Undue Influence and Lack of Capacity Will Contest
A Philadelphia undue influence and lack of capacity will contest lawyer can help you if you believe that a document is not legally valid. An undue influence and lack of capacity will contest attorney in Philadelphia will handle your case on your behalf and file all of the appropriate paperwork if you believe that the person who signed the will was not of a sound mind to do so. Ensuring that loved ones and family members are not unfairly left out of a will is a common concern. There are two safeguards that protect a testator from being taken advantage of when a person has declining mental capacity.
If a person has been influenced in a way that is illegal, such as an outside party convincing the testator to create a new version of the will in which the influence stands to benefit in a big way, this information can be instrumental in bringing forward legal claims to recover a previous version of a will. There’s so much to consider that it can be helpful to get the outside perspective of your lawyer before you even move forward with the case so that you know what to anticipate.
These are known as the safeguard of capacity and the safeguard of being free of undue influence. If you believe that a will has been put together with lack of capacity and undue influence as primary issues, you need an experienced attorney to help file your dispute case. A Philadelphia undue influence and lack of capacity will contest lawyer will file the legal paperwork necessary based on your intended grounds.
In order to revise or to create a will, a testator in Pennsylvania has to have the appropriate capacity to do so.
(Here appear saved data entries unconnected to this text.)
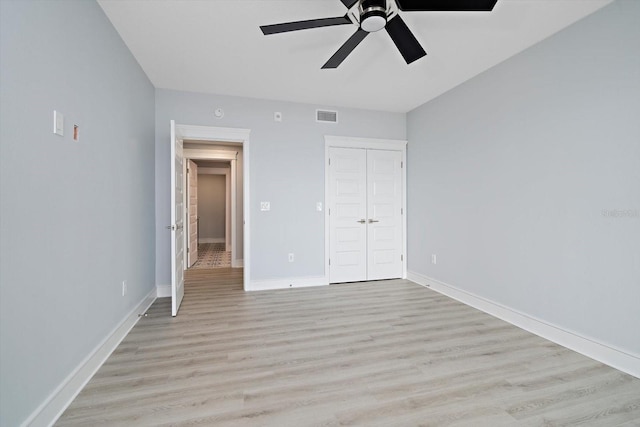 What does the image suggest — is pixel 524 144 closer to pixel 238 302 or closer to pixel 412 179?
pixel 412 179

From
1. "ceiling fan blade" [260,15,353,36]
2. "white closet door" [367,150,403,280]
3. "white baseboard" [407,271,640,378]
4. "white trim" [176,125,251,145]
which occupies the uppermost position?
"ceiling fan blade" [260,15,353,36]

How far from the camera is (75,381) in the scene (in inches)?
72.2

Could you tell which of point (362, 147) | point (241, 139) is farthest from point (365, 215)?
point (241, 139)

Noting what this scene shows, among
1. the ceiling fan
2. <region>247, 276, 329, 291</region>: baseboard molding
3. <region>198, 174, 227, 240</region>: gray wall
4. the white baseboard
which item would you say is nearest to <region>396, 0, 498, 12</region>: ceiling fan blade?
the ceiling fan

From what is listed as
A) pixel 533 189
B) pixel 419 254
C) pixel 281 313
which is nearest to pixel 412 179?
pixel 419 254

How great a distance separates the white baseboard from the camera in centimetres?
215

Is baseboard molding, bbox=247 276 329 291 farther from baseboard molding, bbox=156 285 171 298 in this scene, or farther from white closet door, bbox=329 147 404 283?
baseboard molding, bbox=156 285 171 298

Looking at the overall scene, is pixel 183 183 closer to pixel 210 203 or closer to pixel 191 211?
pixel 191 211

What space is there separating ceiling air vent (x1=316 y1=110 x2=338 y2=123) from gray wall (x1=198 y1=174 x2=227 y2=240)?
6424mm

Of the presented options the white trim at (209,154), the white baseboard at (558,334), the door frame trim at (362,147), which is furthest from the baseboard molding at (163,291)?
the white baseboard at (558,334)

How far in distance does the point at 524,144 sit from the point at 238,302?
12.1ft

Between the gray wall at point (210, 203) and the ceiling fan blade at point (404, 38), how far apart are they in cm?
869

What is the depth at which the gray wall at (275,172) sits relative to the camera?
3.89m

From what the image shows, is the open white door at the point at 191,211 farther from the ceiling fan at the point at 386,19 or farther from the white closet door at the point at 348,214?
the ceiling fan at the point at 386,19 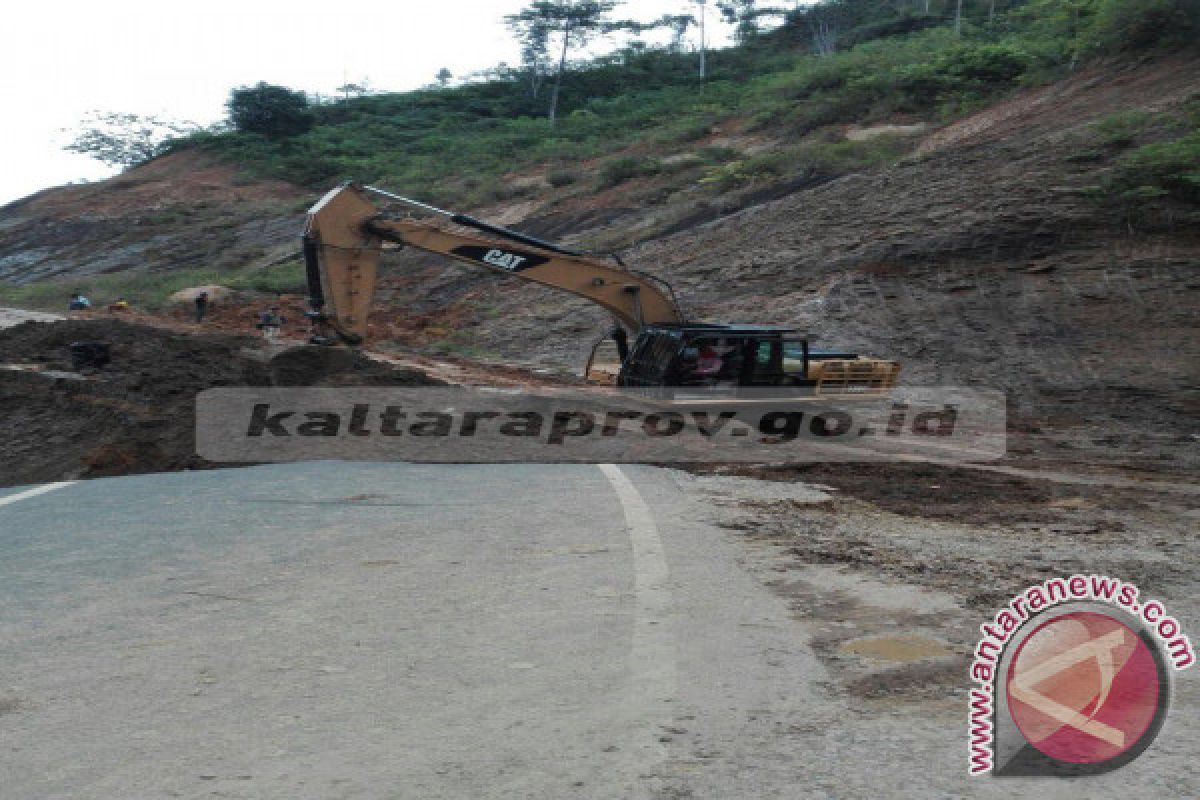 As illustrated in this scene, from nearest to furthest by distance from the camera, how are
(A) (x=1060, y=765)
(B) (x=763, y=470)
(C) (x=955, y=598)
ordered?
(A) (x=1060, y=765)
(C) (x=955, y=598)
(B) (x=763, y=470)

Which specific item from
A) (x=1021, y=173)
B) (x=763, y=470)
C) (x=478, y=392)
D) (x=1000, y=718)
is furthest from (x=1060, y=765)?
(x=1021, y=173)

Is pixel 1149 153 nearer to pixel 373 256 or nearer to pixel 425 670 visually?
pixel 373 256

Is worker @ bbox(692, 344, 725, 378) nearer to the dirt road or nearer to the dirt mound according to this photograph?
the dirt mound

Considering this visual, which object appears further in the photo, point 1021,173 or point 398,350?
point 398,350

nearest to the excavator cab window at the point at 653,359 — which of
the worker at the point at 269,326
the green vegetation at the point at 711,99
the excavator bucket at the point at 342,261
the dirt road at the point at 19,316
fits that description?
the excavator bucket at the point at 342,261

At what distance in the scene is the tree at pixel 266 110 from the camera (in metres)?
65.8

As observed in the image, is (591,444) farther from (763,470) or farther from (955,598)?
(955,598)

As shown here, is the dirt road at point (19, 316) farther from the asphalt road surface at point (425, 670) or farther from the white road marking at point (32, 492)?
the asphalt road surface at point (425, 670)

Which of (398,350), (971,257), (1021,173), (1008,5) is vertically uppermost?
(1008,5)

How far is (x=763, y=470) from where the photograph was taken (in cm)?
1278

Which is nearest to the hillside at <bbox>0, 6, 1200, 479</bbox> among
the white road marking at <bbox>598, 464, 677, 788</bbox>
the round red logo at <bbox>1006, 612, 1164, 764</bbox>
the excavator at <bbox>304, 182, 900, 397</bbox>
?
the excavator at <bbox>304, 182, 900, 397</bbox>

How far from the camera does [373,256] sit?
17.9 metres

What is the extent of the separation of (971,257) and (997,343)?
3304 millimetres

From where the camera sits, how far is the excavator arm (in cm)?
1742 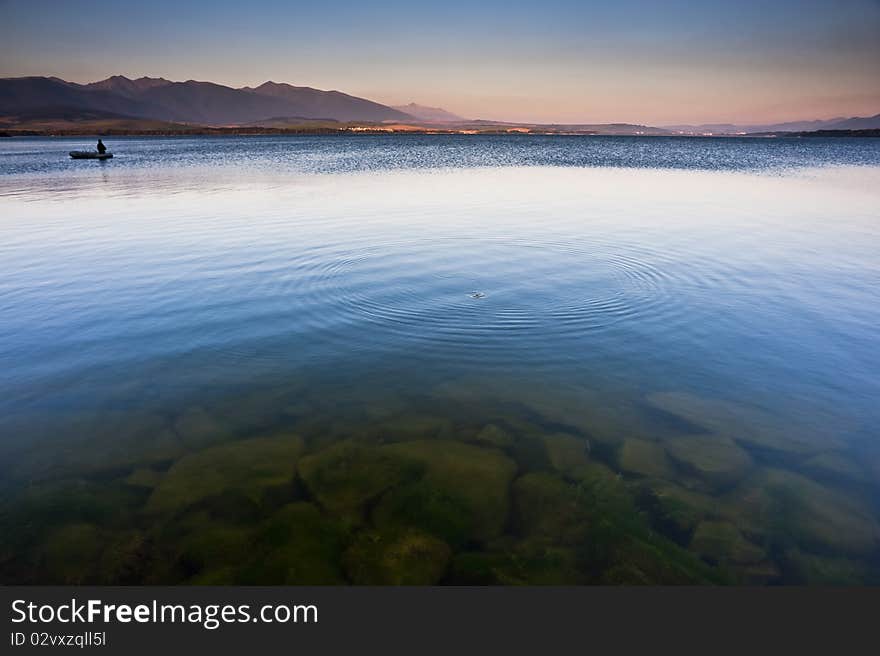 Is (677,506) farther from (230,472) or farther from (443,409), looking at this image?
(230,472)

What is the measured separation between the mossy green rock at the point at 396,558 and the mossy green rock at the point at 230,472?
1846 mm

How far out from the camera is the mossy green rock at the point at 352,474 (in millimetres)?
7285

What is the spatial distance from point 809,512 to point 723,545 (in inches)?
62.3

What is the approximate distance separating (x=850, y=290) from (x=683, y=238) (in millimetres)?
7347

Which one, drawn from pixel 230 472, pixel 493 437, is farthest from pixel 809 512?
pixel 230 472

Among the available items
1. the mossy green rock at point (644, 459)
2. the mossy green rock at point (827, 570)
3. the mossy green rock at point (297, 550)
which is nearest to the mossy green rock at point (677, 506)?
the mossy green rock at point (644, 459)

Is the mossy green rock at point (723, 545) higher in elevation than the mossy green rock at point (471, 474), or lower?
lower

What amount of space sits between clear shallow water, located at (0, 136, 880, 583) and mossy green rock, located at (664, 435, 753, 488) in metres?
0.04

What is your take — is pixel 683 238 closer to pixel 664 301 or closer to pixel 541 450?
pixel 664 301

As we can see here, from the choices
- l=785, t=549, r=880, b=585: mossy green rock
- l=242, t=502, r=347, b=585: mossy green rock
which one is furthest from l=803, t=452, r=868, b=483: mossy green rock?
l=242, t=502, r=347, b=585: mossy green rock

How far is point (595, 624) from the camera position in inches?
220

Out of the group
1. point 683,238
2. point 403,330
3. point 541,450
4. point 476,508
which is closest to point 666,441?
point 541,450

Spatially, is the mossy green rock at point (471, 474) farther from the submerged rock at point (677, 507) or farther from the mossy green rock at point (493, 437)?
the submerged rock at point (677, 507)

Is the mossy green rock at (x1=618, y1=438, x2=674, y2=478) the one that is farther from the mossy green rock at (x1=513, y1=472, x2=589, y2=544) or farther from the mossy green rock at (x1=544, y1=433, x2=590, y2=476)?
the mossy green rock at (x1=513, y1=472, x2=589, y2=544) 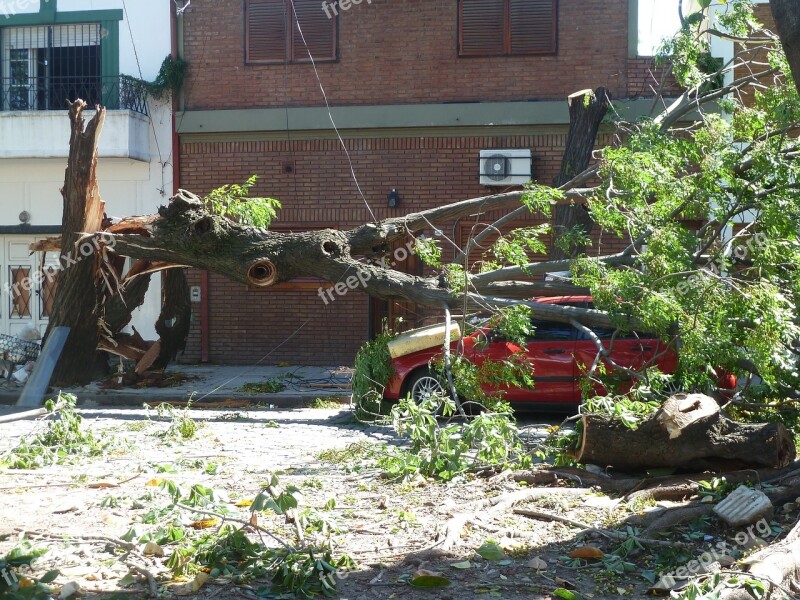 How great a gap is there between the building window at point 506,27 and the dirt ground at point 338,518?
9.01 metres

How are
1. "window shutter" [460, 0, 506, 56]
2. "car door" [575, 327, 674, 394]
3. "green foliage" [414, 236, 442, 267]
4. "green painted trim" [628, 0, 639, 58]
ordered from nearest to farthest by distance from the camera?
1. "car door" [575, 327, 674, 394]
2. "green foliage" [414, 236, 442, 267]
3. "green painted trim" [628, 0, 639, 58]
4. "window shutter" [460, 0, 506, 56]

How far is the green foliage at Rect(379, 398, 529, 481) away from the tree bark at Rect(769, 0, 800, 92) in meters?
4.26

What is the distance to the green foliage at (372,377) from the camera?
11.9 m

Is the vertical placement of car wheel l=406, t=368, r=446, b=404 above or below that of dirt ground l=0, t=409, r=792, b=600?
above

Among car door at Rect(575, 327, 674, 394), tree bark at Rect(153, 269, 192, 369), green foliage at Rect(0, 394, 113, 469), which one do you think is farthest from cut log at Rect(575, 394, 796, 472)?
tree bark at Rect(153, 269, 192, 369)

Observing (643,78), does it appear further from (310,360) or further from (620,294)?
(620,294)

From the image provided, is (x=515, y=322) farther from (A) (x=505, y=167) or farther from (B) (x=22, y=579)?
(A) (x=505, y=167)

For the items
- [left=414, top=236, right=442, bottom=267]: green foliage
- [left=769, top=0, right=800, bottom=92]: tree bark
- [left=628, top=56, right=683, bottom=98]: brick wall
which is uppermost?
[left=628, top=56, right=683, bottom=98]: brick wall

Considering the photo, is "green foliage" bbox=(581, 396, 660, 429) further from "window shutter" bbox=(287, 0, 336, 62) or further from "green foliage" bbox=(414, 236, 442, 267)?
"window shutter" bbox=(287, 0, 336, 62)

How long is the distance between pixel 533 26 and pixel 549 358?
7.88m

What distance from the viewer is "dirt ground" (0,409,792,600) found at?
5578 mm

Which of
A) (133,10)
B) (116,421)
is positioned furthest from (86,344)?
(133,10)

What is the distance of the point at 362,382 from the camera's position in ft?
39.4

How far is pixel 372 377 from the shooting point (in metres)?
12.1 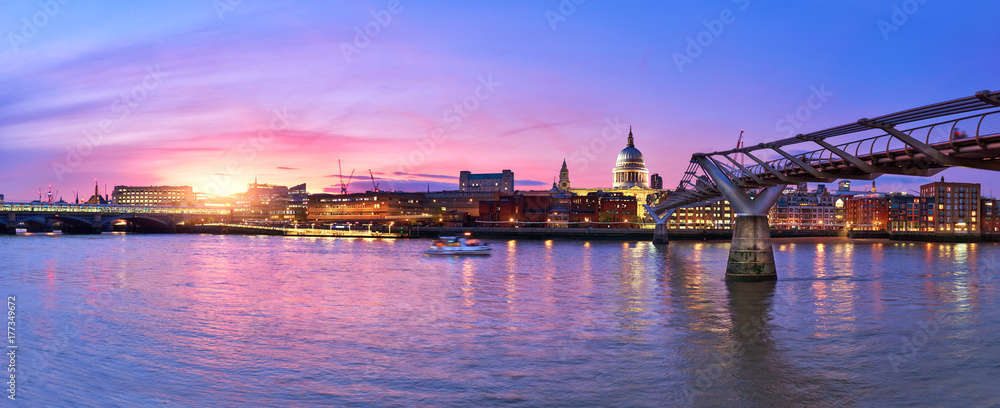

Capacity means that the testator understands their individual actions including their personal family relationships, the nature of the property and the impact of the will on both people and property. A person who has been diagnosed with a cognitive condition such Alzheimer’s could lose complete capacity to create or to revise an estate plan. In other situations, knowledge of a partially weakened mental state might cause a beneficiary to exploit this condition for their individual gain. The other complex aspect of estate disputes and will contests in Pennsylvania has to do with safeguard of being free of undue influence. Undue influence is an allegation against a beneficiary who had a special relationship with a testator and later benefitted from an update to the will or the creation of a whole new will. Claiming that a special relationship was used to manipulate the estate plan of the testator for personal gain is known as undue influence. Three factors must be established in order to claim that someone was unduly influenced. First of all, there must have existed a confidential relationship between the beneficiary and the decedent; secondly, the decedent must have had weakened intellect at the time that he or she signed or updated the documents; and there must have been substantial benefit to the beneficiary who was exerting his or her undue influence. Cases associated with undue influence are very complicated and sensitive for numerous reasons. This is why the factual as well as the interpersonal assertions can be very difficult. Establishing the confidential relationship factor is often the easiest because the burden of proof will then shift to the person holding the confidential relationship. That being said, there are still many different questions that must be answered and the support of an experienced estate planning attorney is necessary in these situations.